====== DATASET SECTION ======

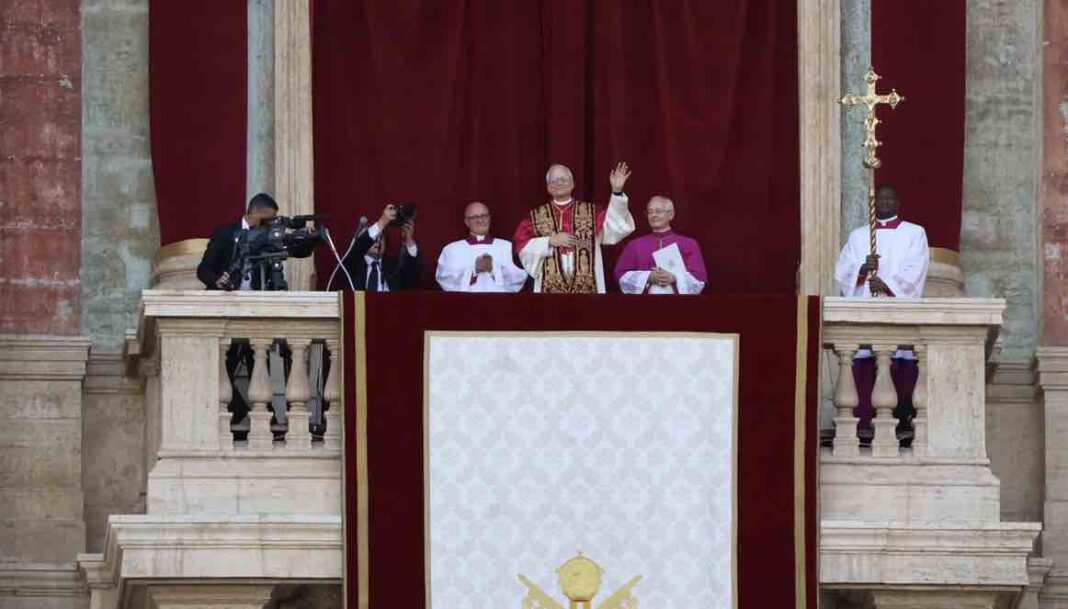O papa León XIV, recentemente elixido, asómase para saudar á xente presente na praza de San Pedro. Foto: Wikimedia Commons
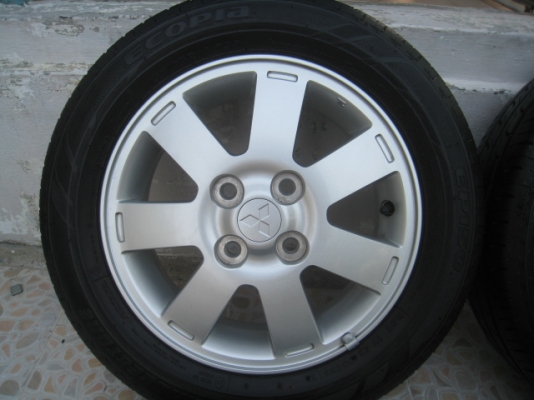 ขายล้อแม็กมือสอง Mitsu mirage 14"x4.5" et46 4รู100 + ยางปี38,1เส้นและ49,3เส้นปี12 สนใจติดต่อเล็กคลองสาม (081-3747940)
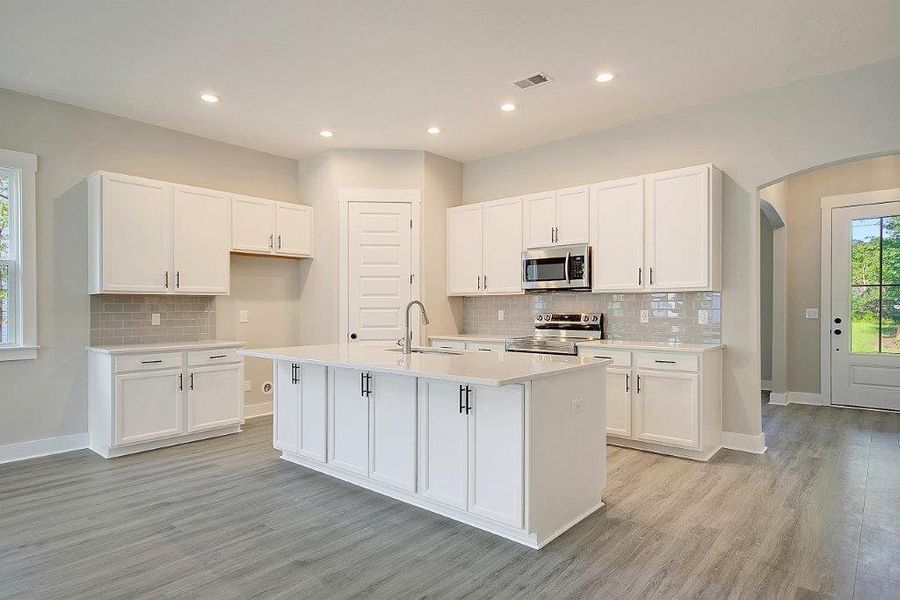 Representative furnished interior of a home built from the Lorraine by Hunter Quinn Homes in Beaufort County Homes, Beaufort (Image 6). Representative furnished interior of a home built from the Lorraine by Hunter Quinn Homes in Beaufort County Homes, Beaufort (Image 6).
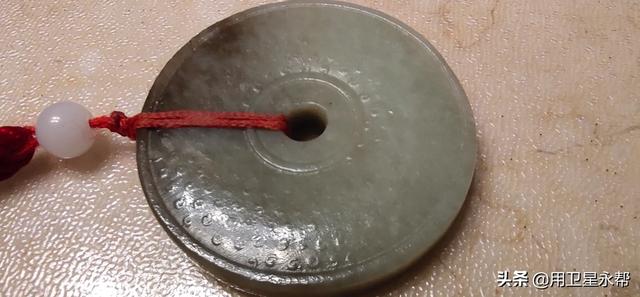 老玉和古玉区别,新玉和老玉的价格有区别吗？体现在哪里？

======

● WORK INSTRUCTION
All that the answer may contain is the exact text of the lines from the one with "ขายล้อแม็กมือสอง Mitsu mirage" through the last line of the material, pictures excluded.

● ANSWER
 ขายล้อแม็กมือสอง Mitsu mirage 14"x4.5" et46 4รู100 + ยางปี38,1เส้นและ49,3เส้นปี12 สนใจติดต่อเล็กคลองสาม (081-3747940)
 Representative furnished interior of a home built from the Lorraine by Hunter Quinn Homes in Beaufort County Homes, Beaufort (Image 6). Representative furnished interior of a home built from the Lorraine by Hunter Quinn Homes in Beaufort County Homes, Beaufort (Image 6).
 老玉和古玉区别,新玉和老玉的价格有区别吗？体现在哪里？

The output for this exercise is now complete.